And that brings us to Azerbaijan, on the other side of the Caspian from Kazakhstan. Baku, the capital, has hosted oil development since the late 19th Century. In 2008 the country produced 876 kbd of crude, at the time just below India. However, with the increased development of the Chirag, Azeri and Guneshli oilfields the country is hoping to exceed (if only slightly) the 1 mbd mark this year. However it did fall a little short of predicted volumes in this past year. Current plans are for production to continue to increase, with a target of 1.25 mbd in 2014. The difference between those numbers and that of the EIA figure for the country comes from the inclusion of other non-crude liquids.

The majority of the oil is shipped through the Baku-Tbilisi-Ceyhan pipeline with smaller amounts being sent to Georgia.

Natural gas production is expected to continue to grow with the development of the Shah Deniz field., to the point that additional pipeline capacity is being planned. The plans call to treble capacity, but may require some $3 billion of additional investment. The pipeline carries a flow, at present, averaging 770 mcf/day. One of the issues as Shah Deniz increases total production (it is considered the 9th largest gas field in the world) concerns how the natural gas produced will get to its customers. One of the ongoing options is the Nabucco pipeline. The planned increase of 565 bcf by 2017 can be shipped by possibly three pipelines, but the Nabucco needs a volume of about twice this, and so is currently looking for an additional supplier to make up the numbers. That search has been going on for a while.

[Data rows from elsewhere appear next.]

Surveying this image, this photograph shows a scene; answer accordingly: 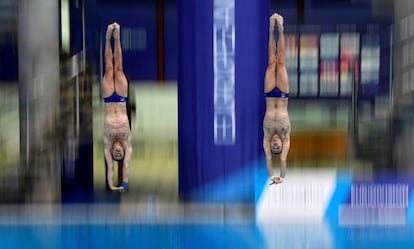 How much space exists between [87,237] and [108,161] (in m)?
0.67

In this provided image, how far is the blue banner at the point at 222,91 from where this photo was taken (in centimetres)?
643

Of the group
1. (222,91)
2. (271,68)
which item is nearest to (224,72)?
(222,91)

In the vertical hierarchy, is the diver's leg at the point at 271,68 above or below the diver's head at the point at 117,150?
above

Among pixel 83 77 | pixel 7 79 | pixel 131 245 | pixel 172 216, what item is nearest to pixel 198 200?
pixel 172 216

Looking at the numbers that I have just gone through, it is clear that the world is going to see an abundance of natural gas likely continuing through the decade. In the shorter term, however, there does not seem to be that much capacity for an increase in oil production. For while countries such as Kazakhstan and Azerbaijan can increase volumes over the present, the increases are not that great, when compared with the need. (The slopes look good, but the vertical scale less so).

But on the other hand the aggregation of a hundred thousand here, and a hundred thousand there can add up to a significant volume in the end. So I will continue this set of posts, looking next at those countries which just can’t quite make that 1 mbd.

Solid overview. Kazachstan and Azerbaijan have indeed huge export potential. Production will most likely more than double in 2020 (if they can overcome the obstacles you mentioned), while consumption levels will be stable thanks to a very low population growth. Some of the current top exporters will see consumption levels rise and production peaking at the same time, moving them further down the list of top exporting countries. Then you have countries like Brazil with big production potential, but at the same time lots of domestic consumption, making it less interesting as an exporter.

My top 10 of oil exporting countries in 2020:

1 Iraq
2 Russia
3 Saudi Arabia
5 Kazachstan
6 Angola
7 Azerbaijan
8 Canada
9 Venezuela
10 Qatar

If Iraq becomes a little bit more stable and can attract investments, then it has the potential to become the new Saudi Arabia. As for the current ~1mbd producers like Kazachstan, Azerbaijan and Qatar, they are not past peak yet and will probably surpass countries like Norway, Kuwait and Nigeria. Libya and Algeria have potential as well, but lets first see how the situation there will unfold.

Will these supposed top 10 countries in 2020 export as much oil as the current list is doing right now? Most likely not. But there will be new oil leaders, no doubt.

The North Sea, which peaked in 1999, is an interesting case history of new fields coming on line in a post-peak region. Sam Foucher found that oil fields whose first full year of production was 1999 or later had a production peak of about one mbpd in 2005, versus the regional peak of six mbpd in 1999. But the post-peak fields only served to slow the overall North Sea rate of decline from 1999 to 2009 to 5%/year.

Note that net exporters showing production declines tend to show an accelerating rate of decline in net oil exports (check out some net export decline rates down the thread). So, net oil exporters with increasing production have to offset countries that are tending to show accelerating net export decline rates. A case in point is graph showing combined net oil exports from Canada & Venezuela (BP):

A look at the net export statistics for Indonesia (as well as the ELM, UK & Egypt):

Appears to be time for me to emulate my friend Alan Drake and move on. In my case, one too many deleted posts.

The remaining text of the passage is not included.